Article

Sleep Measured by Polysomnography in Patients Receiving High-Dose Chemotherapy for Multiple Myeloma Prior to Stem Cell Transplantation

Carol A. Enderlin

Elizabeth Ann Coleman

David Davila

Kathy C. Richards

Susan M. Jegley

Robert L. Kennedy

Julia A. Goodwin

Paula McNatt

Carol B. Stewart

Kimberly Lockhart

Patty J. Reed

chemotherapy, multiple myeloma
ONF 2012, 40(1), 73-81. DOI: 10.1188/13.ONF.73-81

Purpose/Objectives: To describe the objective sleep of patients receiving chemotherapy for multiple myeloma (MM) prior to stem cell transplantation.

Design: A descriptive study with repeated measures.

Setting: An international referral center in an urban area of the southern United States.

Sample: A convenience sample of a subset of 12 patients with MM, recruited from a randomized, controlled trial.

Methods: Objective sleep was assessed using two nights of polysomnography, one obtained before and one after a second cycle of high-dose chemotherapy prior to stem cell transplantation. Demographic and clinical data were obtained through a retrospective chart review.

Main Research Variables: Objective sleep including sleep characteristics, sleep-related respiratory events, and periodic limb movements (PLMs) of sleep.

Findings: Sleep was characterized by a relatively short sleep time, excessive time spent awake after the onset of sleep, and poor sleep efficiency (objective sleep quality). Patients spent more than the expected percent of time in non-rapid eye movement sleep and less in rapid eye movement sleep. Arterial oxyhemoglobin saturation nadirs reflected episodes of low arterial oxygen saturation. PLMs during sleep were in the mildly elevated range.

Conclusions: Findings suggest that patients had poor sleep efficiency (objective sleep quality) and were slightly better sleepers after receiving a second cycle of high-dose chemotherapy. A number of patients also demonstrated obstructive sleep apnea and frequent PLMs.
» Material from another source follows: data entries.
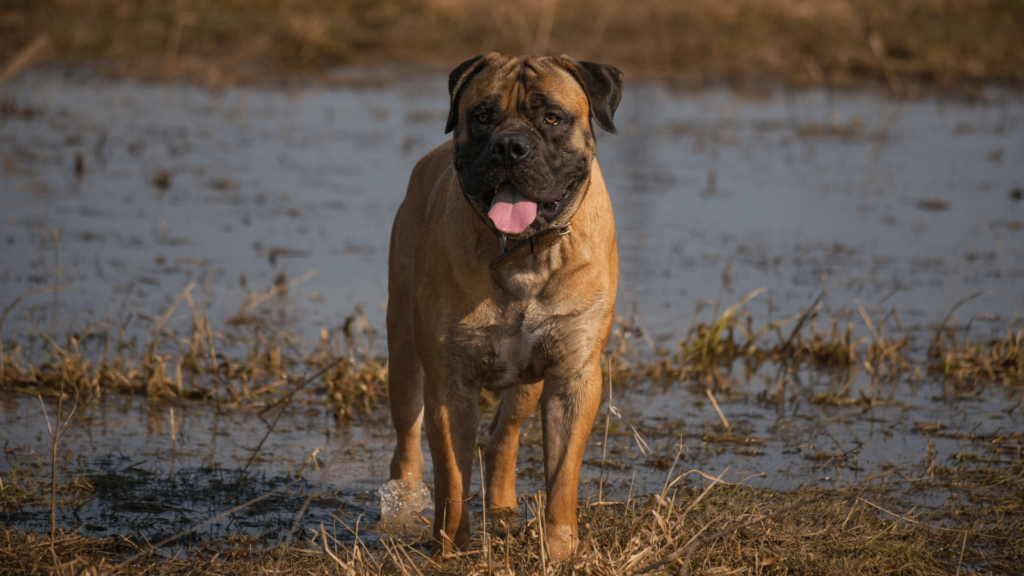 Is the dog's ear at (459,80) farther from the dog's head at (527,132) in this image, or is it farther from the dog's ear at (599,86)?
the dog's ear at (599,86)

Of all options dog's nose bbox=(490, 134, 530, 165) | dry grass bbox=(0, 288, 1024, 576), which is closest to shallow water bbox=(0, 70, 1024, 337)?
dry grass bbox=(0, 288, 1024, 576)

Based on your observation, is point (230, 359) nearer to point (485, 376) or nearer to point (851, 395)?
point (485, 376)

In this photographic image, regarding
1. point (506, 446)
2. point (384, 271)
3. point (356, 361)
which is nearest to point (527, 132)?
point (506, 446)

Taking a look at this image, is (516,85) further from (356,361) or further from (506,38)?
(506,38)

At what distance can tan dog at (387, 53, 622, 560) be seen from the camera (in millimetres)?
3838

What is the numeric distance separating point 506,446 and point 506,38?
14.6m

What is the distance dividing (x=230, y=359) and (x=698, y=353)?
2707 mm

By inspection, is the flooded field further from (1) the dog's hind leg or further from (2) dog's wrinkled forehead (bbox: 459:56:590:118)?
(2) dog's wrinkled forehead (bbox: 459:56:590:118)

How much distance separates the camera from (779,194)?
Answer: 36.5 feet

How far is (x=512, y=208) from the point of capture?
376 centimetres

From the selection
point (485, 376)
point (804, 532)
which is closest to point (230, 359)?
point (485, 376)

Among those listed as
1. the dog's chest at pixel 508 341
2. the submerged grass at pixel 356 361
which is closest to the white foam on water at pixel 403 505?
the dog's chest at pixel 508 341

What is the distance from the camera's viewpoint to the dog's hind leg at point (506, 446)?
457 centimetres

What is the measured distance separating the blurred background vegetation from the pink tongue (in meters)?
13.1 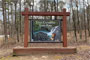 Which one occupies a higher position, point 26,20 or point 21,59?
point 26,20

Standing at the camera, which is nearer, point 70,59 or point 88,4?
point 70,59

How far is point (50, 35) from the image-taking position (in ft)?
22.7

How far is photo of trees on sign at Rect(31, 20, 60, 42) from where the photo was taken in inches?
272

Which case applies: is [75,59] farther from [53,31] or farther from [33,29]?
[33,29]

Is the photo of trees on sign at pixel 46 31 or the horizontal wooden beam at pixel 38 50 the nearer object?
the horizontal wooden beam at pixel 38 50

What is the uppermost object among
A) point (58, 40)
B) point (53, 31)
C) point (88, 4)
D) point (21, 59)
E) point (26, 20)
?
point (88, 4)

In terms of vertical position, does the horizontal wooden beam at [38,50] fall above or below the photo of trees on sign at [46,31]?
below

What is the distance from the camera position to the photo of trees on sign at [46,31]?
6902 mm

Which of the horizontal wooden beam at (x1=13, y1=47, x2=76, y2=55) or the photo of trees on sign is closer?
the horizontal wooden beam at (x1=13, y1=47, x2=76, y2=55)

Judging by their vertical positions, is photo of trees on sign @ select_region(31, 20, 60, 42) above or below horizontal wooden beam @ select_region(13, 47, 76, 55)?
above

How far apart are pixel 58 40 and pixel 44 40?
907 mm

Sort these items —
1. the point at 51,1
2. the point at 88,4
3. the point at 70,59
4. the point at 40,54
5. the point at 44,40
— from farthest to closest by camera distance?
the point at 51,1 < the point at 88,4 < the point at 44,40 < the point at 40,54 < the point at 70,59

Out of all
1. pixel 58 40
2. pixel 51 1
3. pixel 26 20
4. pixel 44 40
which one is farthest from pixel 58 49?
pixel 51 1

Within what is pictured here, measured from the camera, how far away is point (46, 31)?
22.6 feet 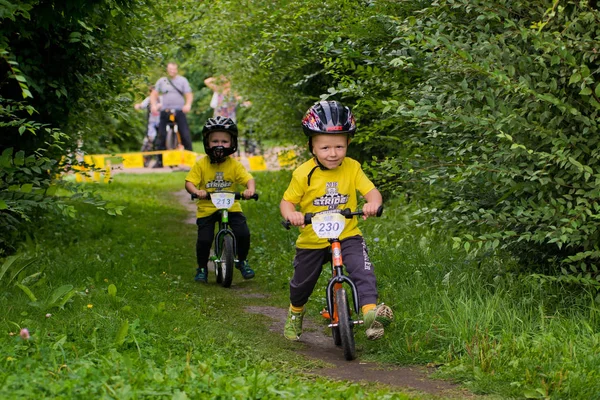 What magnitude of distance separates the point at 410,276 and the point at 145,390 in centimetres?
371

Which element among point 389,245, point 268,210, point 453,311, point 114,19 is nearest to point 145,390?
point 453,311

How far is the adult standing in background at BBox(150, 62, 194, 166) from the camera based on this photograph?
22.0 metres

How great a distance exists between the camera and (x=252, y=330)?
6.95 metres

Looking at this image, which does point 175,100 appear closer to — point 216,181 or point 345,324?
point 216,181

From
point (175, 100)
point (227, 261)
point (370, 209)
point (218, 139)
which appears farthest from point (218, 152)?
point (175, 100)

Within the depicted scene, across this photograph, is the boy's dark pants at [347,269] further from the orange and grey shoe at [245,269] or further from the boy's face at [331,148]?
the orange and grey shoe at [245,269]

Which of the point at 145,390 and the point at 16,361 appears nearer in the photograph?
the point at 145,390

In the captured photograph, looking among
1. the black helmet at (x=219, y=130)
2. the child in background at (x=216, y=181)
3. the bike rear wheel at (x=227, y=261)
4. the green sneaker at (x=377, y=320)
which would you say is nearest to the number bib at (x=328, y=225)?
the green sneaker at (x=377, y=320)

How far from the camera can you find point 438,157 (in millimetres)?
7215

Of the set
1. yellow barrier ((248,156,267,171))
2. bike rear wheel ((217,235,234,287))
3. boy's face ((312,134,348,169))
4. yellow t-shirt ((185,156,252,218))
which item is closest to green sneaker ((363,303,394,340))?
boy's face ((312,134,348,169))

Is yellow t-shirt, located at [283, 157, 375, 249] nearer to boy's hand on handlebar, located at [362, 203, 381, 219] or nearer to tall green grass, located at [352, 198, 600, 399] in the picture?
boy's hand on handlebar, located at [362, 203, 381, 219]

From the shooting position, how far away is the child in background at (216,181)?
9273 millimetres

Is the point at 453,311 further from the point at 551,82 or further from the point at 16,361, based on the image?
the point at 16,361

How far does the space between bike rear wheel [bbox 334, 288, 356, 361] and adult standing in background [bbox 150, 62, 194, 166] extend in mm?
15914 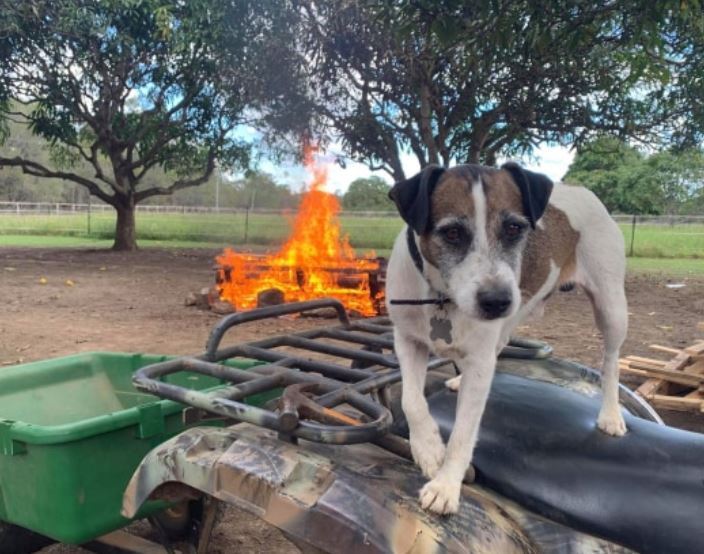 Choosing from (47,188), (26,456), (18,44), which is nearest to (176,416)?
(26,456)

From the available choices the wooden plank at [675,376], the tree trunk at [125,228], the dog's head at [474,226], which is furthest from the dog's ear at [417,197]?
the tree trunk at [125,228]

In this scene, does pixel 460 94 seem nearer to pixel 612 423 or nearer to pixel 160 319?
pixel 160 319

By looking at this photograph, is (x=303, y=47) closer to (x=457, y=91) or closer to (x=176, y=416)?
(x=457, y=91)

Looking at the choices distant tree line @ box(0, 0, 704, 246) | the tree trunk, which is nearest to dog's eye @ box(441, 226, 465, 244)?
distant tree line @ box(0, 0, 704, 246)

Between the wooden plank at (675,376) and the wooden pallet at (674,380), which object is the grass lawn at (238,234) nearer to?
the wooden pallet at (674,380)

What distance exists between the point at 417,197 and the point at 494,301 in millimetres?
395

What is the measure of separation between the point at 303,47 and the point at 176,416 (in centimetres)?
992

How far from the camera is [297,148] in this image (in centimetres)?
1311

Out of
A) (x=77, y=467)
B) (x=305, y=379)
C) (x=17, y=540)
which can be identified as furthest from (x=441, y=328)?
(x=17, y=540)

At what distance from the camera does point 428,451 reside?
6.40ft

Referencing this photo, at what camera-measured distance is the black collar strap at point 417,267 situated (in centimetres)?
198

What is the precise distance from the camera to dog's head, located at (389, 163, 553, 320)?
1.80m

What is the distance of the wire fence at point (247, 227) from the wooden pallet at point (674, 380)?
8.51 meters

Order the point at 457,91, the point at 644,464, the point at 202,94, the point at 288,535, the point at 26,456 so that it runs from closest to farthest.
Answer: the point at 288,535, the point at 644,464, the point at 26,456, the point at 457,91, the point at 202,94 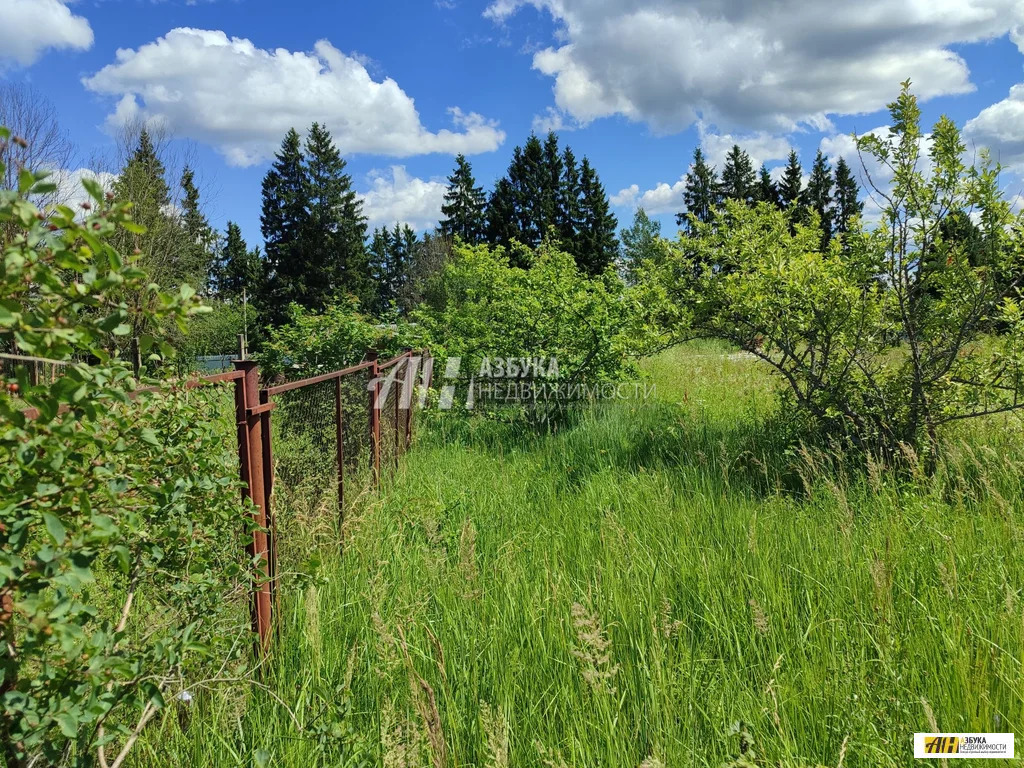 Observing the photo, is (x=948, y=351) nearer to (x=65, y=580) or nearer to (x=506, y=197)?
(x=65, y=580)

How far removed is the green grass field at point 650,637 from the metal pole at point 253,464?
162 mm

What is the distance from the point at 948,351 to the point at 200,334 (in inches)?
1112

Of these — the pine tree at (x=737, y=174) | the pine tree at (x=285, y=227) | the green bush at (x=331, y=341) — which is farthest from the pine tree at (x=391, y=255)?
the green bush at (x=331, y=341)

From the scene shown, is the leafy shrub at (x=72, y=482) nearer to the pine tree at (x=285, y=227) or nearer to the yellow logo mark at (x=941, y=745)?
the yellow logo mark at (x=941, y=745)

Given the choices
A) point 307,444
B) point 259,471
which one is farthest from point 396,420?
point 259,471

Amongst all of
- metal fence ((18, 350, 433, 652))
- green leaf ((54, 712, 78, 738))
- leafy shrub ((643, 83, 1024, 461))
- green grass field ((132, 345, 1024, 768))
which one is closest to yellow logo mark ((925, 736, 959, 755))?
green grass field ((132, 345, 1024, 768))

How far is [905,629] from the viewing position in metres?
2.44

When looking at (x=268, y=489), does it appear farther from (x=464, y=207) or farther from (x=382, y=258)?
(x=382, y=258)

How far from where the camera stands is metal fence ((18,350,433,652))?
8.04ft

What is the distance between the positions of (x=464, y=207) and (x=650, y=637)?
4677cm

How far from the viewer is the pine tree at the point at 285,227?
4584 cm

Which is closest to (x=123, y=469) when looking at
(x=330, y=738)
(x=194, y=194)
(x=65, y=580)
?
(x=65, y=580)

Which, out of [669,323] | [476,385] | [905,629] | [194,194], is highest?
[194,194]

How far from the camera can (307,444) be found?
4340 millimetres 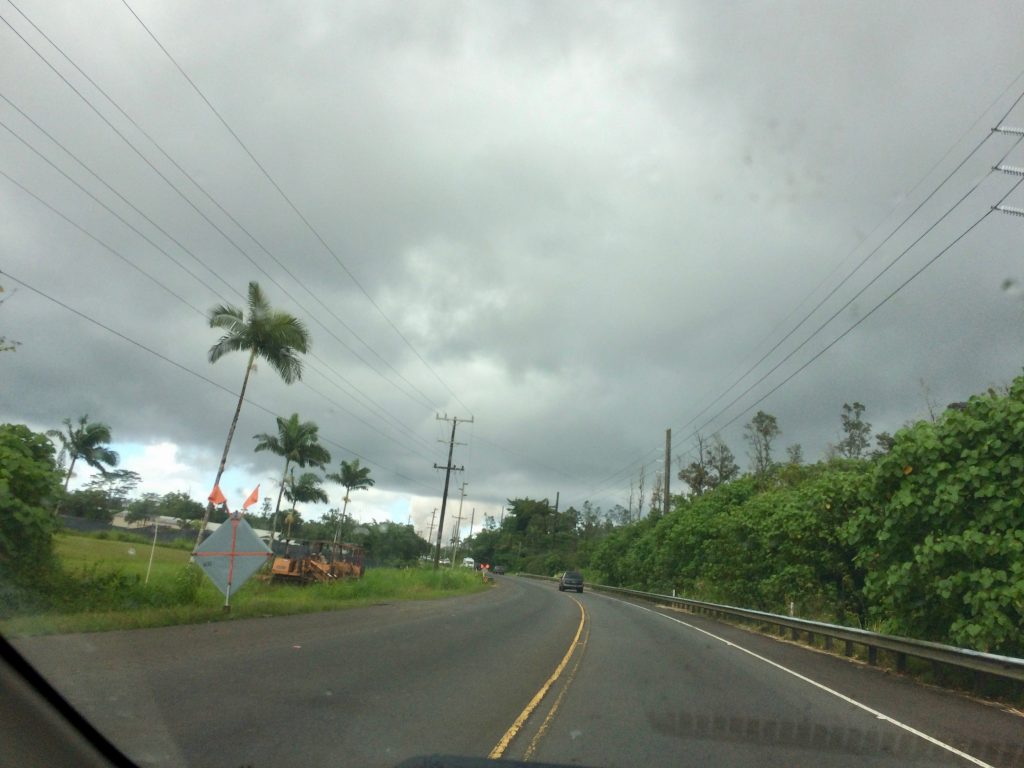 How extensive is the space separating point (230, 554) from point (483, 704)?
10.9 m

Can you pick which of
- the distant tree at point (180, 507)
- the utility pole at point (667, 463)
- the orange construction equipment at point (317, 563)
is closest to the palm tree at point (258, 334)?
the orange construction equipment at point (317, 563)

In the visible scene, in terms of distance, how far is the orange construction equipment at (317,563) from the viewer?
36.9m

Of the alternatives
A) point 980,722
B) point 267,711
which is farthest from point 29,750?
point 980,722

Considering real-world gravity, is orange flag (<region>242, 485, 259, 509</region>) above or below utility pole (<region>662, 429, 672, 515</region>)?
below

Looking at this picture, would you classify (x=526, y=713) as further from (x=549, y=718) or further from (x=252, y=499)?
(x=252, y=499)

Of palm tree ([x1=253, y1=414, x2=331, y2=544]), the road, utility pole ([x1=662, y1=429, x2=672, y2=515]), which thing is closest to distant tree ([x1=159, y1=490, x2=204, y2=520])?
palm tree ([x1=253, y1=414, x2=331, y2=544])

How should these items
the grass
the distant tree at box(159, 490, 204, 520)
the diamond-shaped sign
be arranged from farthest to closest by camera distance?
the distant tree at box(159, 490, 204, 520) < the diamond-shaped sign < the grass

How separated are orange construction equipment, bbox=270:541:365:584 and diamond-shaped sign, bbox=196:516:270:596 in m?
17.2

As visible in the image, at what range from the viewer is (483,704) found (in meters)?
9.42

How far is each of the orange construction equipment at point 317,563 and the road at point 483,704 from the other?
70.0 feet

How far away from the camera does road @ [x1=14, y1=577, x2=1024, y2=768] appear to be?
714 centimetres

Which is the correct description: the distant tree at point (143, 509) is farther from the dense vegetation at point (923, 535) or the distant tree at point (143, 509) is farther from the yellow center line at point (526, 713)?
the yellow center line at point (526, 713)

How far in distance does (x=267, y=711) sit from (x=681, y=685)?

Implications for Nursing: Findings support the need for additional investigation of sleep in patients with MM, particularly poor sleep efficiency and PLMs. Improving sleep may improve quality of life by decreasing associated symptoms such as pain, fatigue, and depression.

Knowledge Translation: Oncology nurses should consider assessing patients with MM for insomnia symptoms, excessive daytime sleepiness, obstructive sleep apnea, and a history of jerking or kicking their legs when asleep. Those symptoms may suggest the need for additional investigation of a possible sleep disorder, which may negatively influence mood and function.